Y así nuestro tiempo, el que tenemos, se ve reducido a lo instantáneo. Ya es la palabra de moda. Todo tiene que ser ya. No se puede ni se quiere esperar.
De la mano del ya y de lo instantáneo viene la percepción de que no nos alcanza el tiempo. La gente se queja por la falta de tiempo. “No tengo tiempo,” dicen. Y en algún sentido es cierto. No lo tienen porque no lo disfrutan. Tener algo es poder disfrutarlo.
La urgencia con la que se vive hoy en día lleva a un estado de ansiedad mental.
La ansiedad que genera la instantaneidad, la velocidad, el apuro, y la anticipación de lo que sigue, hace que no sea posible disfrutar del tiempo que uno tiene.
Y el tiempo que uno tiene es nada más y nada menos, la vida.
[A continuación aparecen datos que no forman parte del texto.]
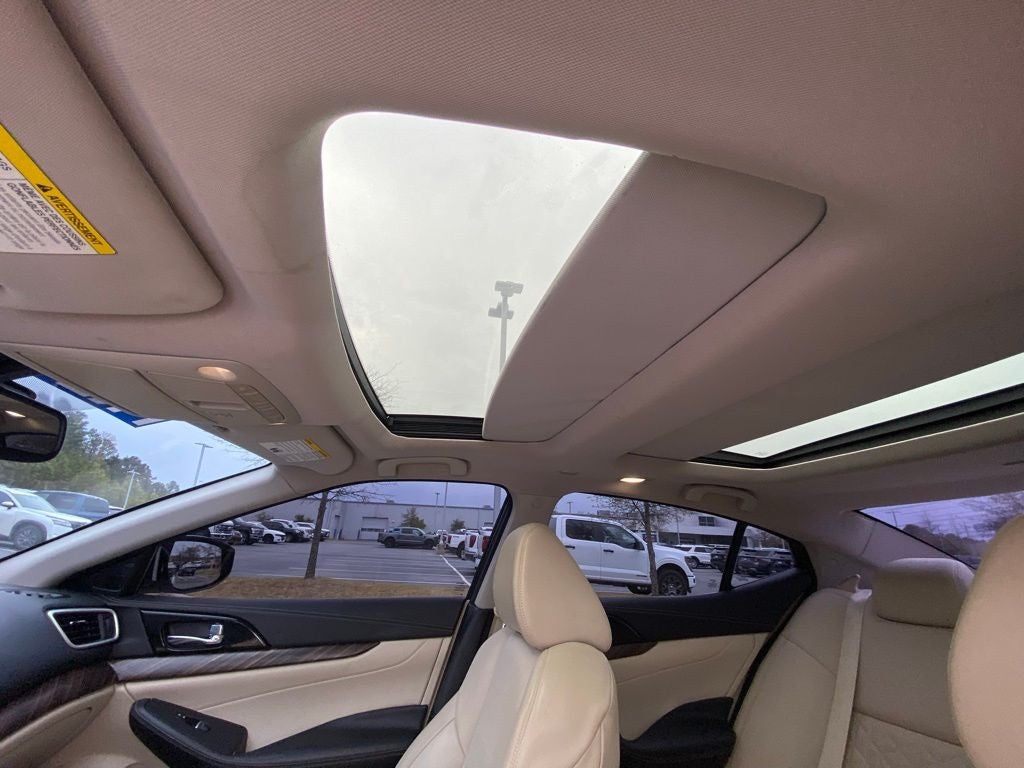 2016 Nissan Maxima Platinum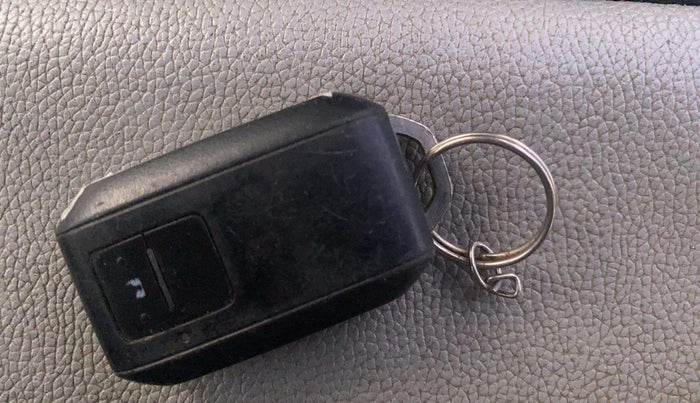 2019 Toyota Glanza G, Petrol, Manual, 50,178 km, Key Close Up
La propia vida.
La vida es el tiempo con el que contamos. ¿Y queremos transitarla corriendo? ¿Queremos pasar a toda velocidad por las distintas etapas del recorrido sin disfrutar de nada de lo que ocurre? ¿Nos vemos obligados a correr? ¿Para qué? ¿Hacia dónde vamos tan apurados? ¿Cuál es la meta de la carrera?
La incapacidad de sentirnos tranquilos, de estar en el momento en el que estamos, en el lugar en el que estamos sin pensar en qué sigue, es una de las causas del malestar actual.
Por otro lado todo este apuro impide respetar y entender los procesos. Queremos que se resuelva ya mismo. Desconociendo o ignorando que son necesarias ciertas etapas para llegar a un logro.